Think about it. Economists and fund managers make predictions every year about the strength of the economy and expected growth of markets. They’re somewhat wrong almost every year, and they’re grossly inaccurate every few years.

Why? Because you can’t predict such a complex system as the world economy. I’ll spare you the talk about Gaussian models and Modern Portfolio Theory.

I’ll share one analogy from the book, which talks about a famous calculation done by Michael Berry in his paper Regular and Irregular Motion.

Say you want to predict the trajectory of a pool ball on a billiards table after it is hit. By knowing the basic properties of the ball, the table surface and sides, and the nature of the impact, you can reasonably predict what would happen after the first hit. The second impact, though more difficult, can also be predicted, although it would require more precision. To predict the ninth impact, you would need to take into account the gravitational pull of someone standing near the pool table. And finally, the 56th impact would require knowledge of every elemental particle in the universe.

I think you see the point here. The world economy is an incredibly complex machine, with literally trillions of inputs: why do we think we can know what will happen in 1, 2, or 40 years?

One thing we can rely on? The stock market (as a whole) will go up and to the right.

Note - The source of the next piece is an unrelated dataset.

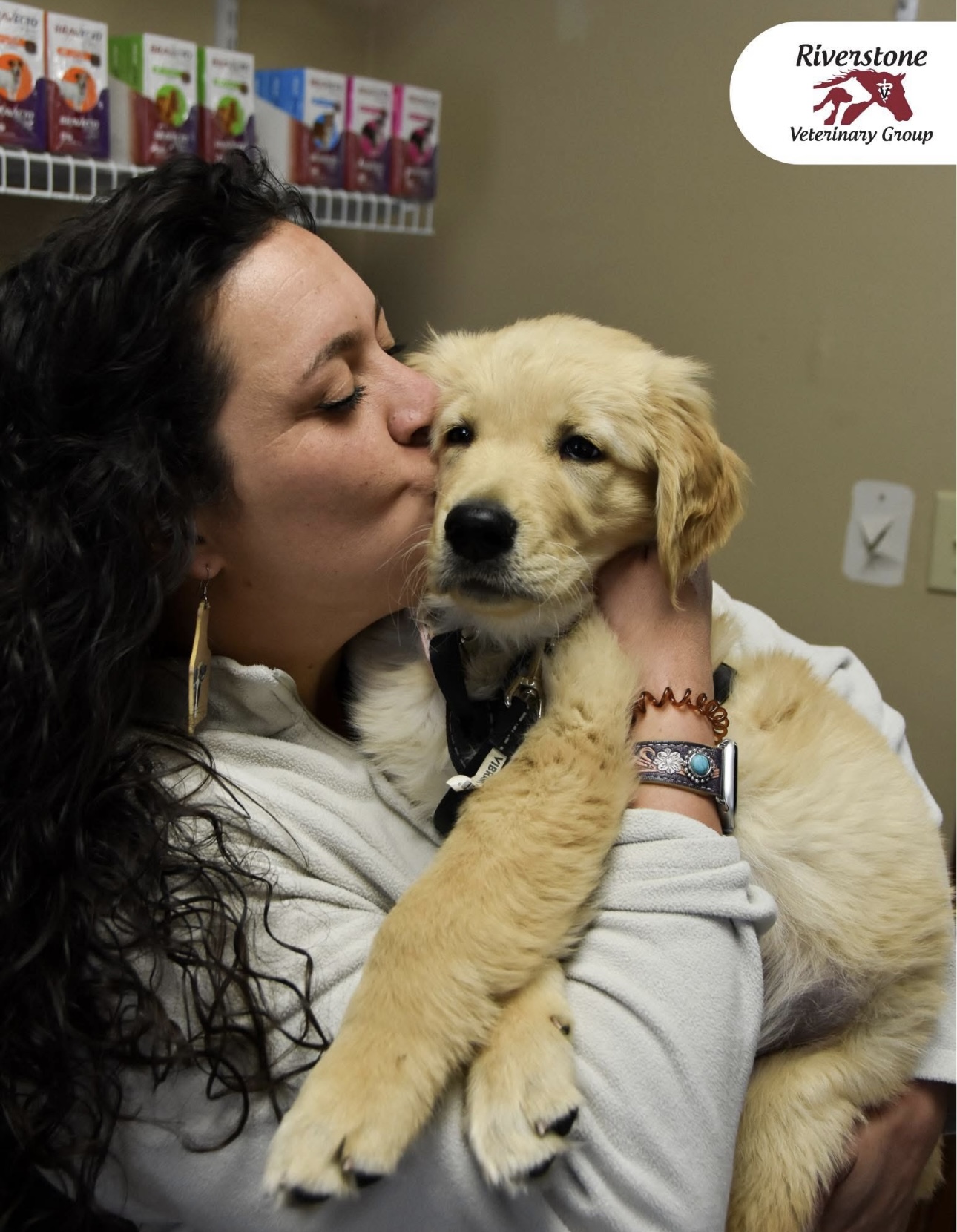 Puppy with team member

Why bet on anything else?

Summary: Breaking the Habit

“The beauty of investing is that if you keep it simple, it doesn’t have to take up much or really any of your time, very little of your time, and unlike many things in life, the less effort you put into it, once you understand and implement a few basic concepts, the better your results will be.”

JL Collins

Individual stock investing was originally part of my financial self-education, which was necessary and useful. It became a hobby, and then it was an obsession. At some point it bordered on addiction.

I really enjoyed investment research, but I could never learn enough. In fact, no one can. Why try so hard, when the payoff is not proportional to the input, and is inherently driven by luck?

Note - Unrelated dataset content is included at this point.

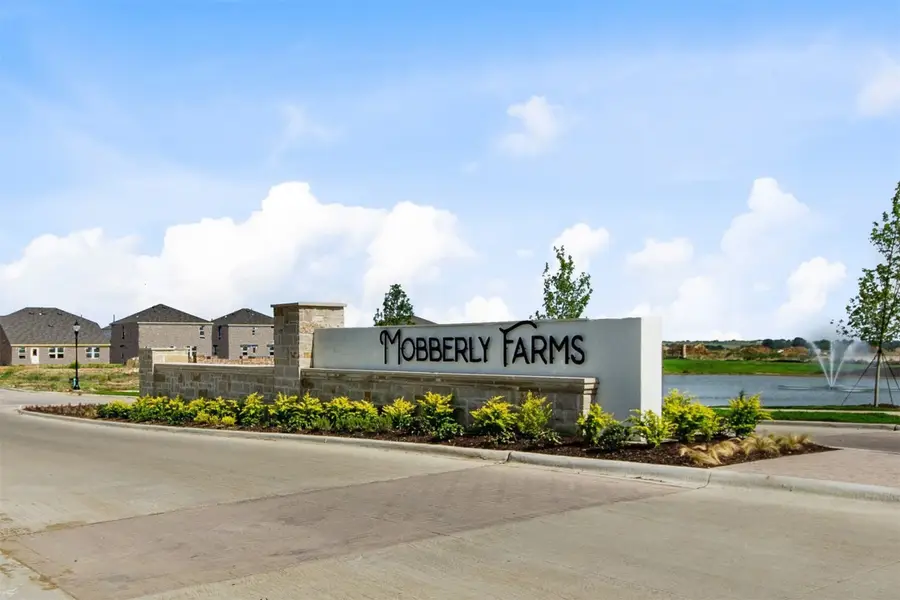 14119 Bacton Road, Pilot Point, TX 76258 - #3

For me personally, individual stock investing no longer aligned with my personal goals. There are only so many hours in a day, and I have better things to do than read hours of individual stock analyses and still underperform.

What do you think about individual stock investing? Does it have a place in the modern FIRE seeker’s portfolio?

4 thoughts on “Why I Finally Sold All My Individual Stocks”

  1. well, you know where i stand on this one. feel free to follow my individual stock portfolio if you want to feel like you’re still in it. i never entered the options game but tried to buy out of the money calls when i first bought nvda in 2016 around 25 bucks. i still think you only have to be right on one huge outsized winner in a lifetime to be set. will it be shopify or match group? i hate you see you throw in the towel but it will free up some time. don’t forget the qqq’s!

    Reply
    • As already stated, I will be living vicariously through your portfolio. Honestly, I was becoming stressed out by constantly monitoring and second-guessing all of my stock holdings. It wasn’t fun anymore. I read something recently about Venture Capital firms, basically stating that hitting 1 home run out of 100 investments is all they need to be profitable. I guess that can potentially hold true for stock picking, and I hope you get a couple home runs. But ask an Orioles fan how they feel about Chris Davis hitting one HR per 100 plate appearances (with 20 K’s), and you might get a different answer!

      Reply
  2. I’e always thought that I’d be terrible at picking individual stocks. Even if I had the wherewithal to do the research into the companies. I’m happy to let the professionals do it for me and just hope that they get it right because it’s probably still going to be better than I ever could.

    Reply
    • Out of curiosity, what do you mean by, “let the professionals do it for me”? Do you have an advisor handle your investments? I fully agree that you (or me, or almost anyone) is probably not going to outperform the market over the long term, but I also don’t think a financial advisor will outperform.